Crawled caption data
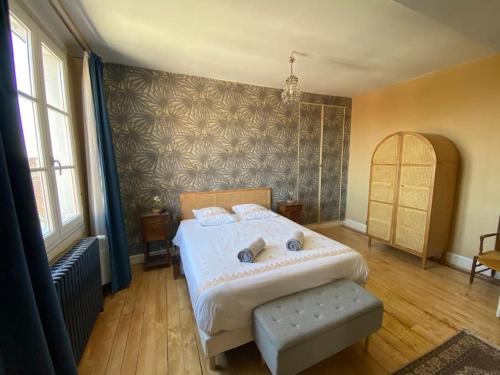 um quarto com uma cama branca e uma grande janela em La maison familiale em Auxerre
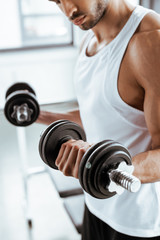 cropped view of athletic sportsman exercising with dumbbells in gym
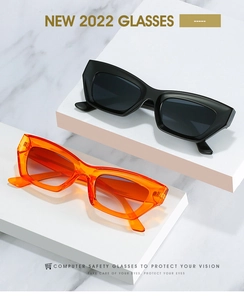 Détail de lunettes de soleil œil-de-chat vintage noires et orange sur marches en pierre
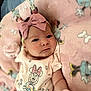 baby, infant, pink_bow, headband, minnie_mouse, blanket, clothing, cute, face, portrait, lying_down, soft_toys, child, indoor, apparel, baby_mittens, expression, young_child, cartoon_character, cozy
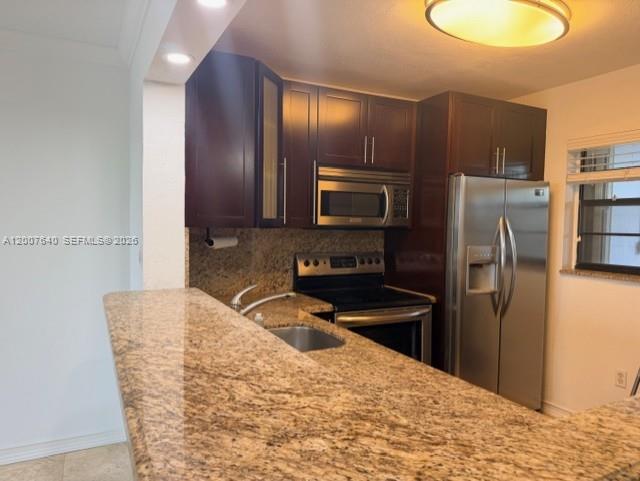 A kitchen features dark wood cabinets, granite countertops, and stainless steel appliances — 10825 SW 112th Ave # 307, Miami FL 33176, MIAMI, FL
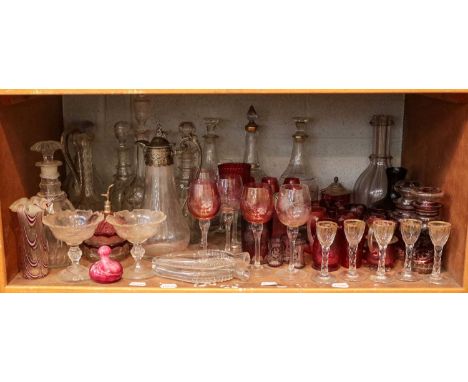 ~  A large quantity of glass including Bohemian and cranberry items, decanters, Nailsea double flask, claret jug with silver 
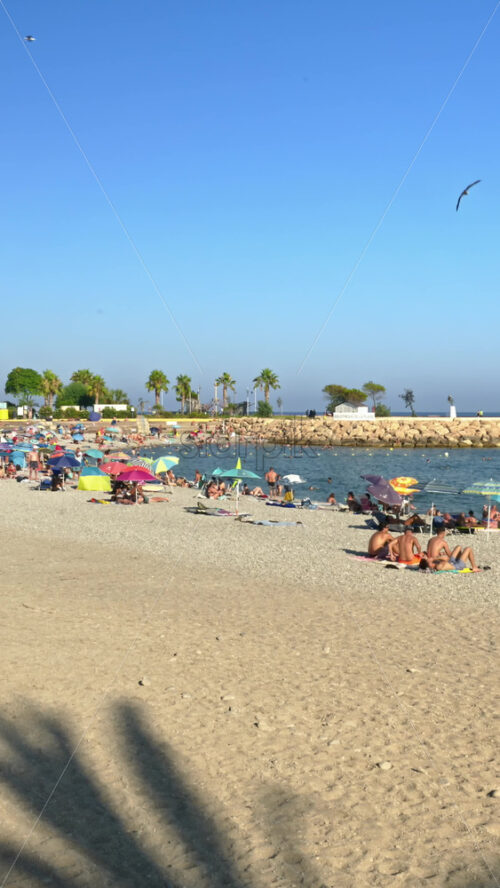 Video - Menton, France - September 4, 2024: People swimming and relaxing on the beach. Vertical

__Description of the task__
Write out the records exactly. Do not carry the pictures over.

__Answer space__
 um quarto com uma cama branca e uma grande janela em La maison familiale em Auxerre
 cropped view of athletic sportsman exercising with dumbbells in gym
 Détail de lunettes de soleil œil-de-chat vintage noires et orange sur marches en pierre
 baby, infant, pink_bow, headband, minnie_mouse, blanket, clothing, cute, face, portrait, lying_down, soft_toys, child, indoor, apparel, baby_mittens, expression, young_child, cartoon_character, cozy
 A kitchen features dark wood cabinets, granite countertops, and stainless steel appliances — 10825 SW 112th Ave # 307, Miami FL 33176, MIAMI, FL
 ~  A large quantity of glass including Bohemian and cranberry items, decanters, Nailsea double flask, claret jug with silver 
 Video - Menton, France - September 4, 2024: People swimming and relaxing on the beach. Vertical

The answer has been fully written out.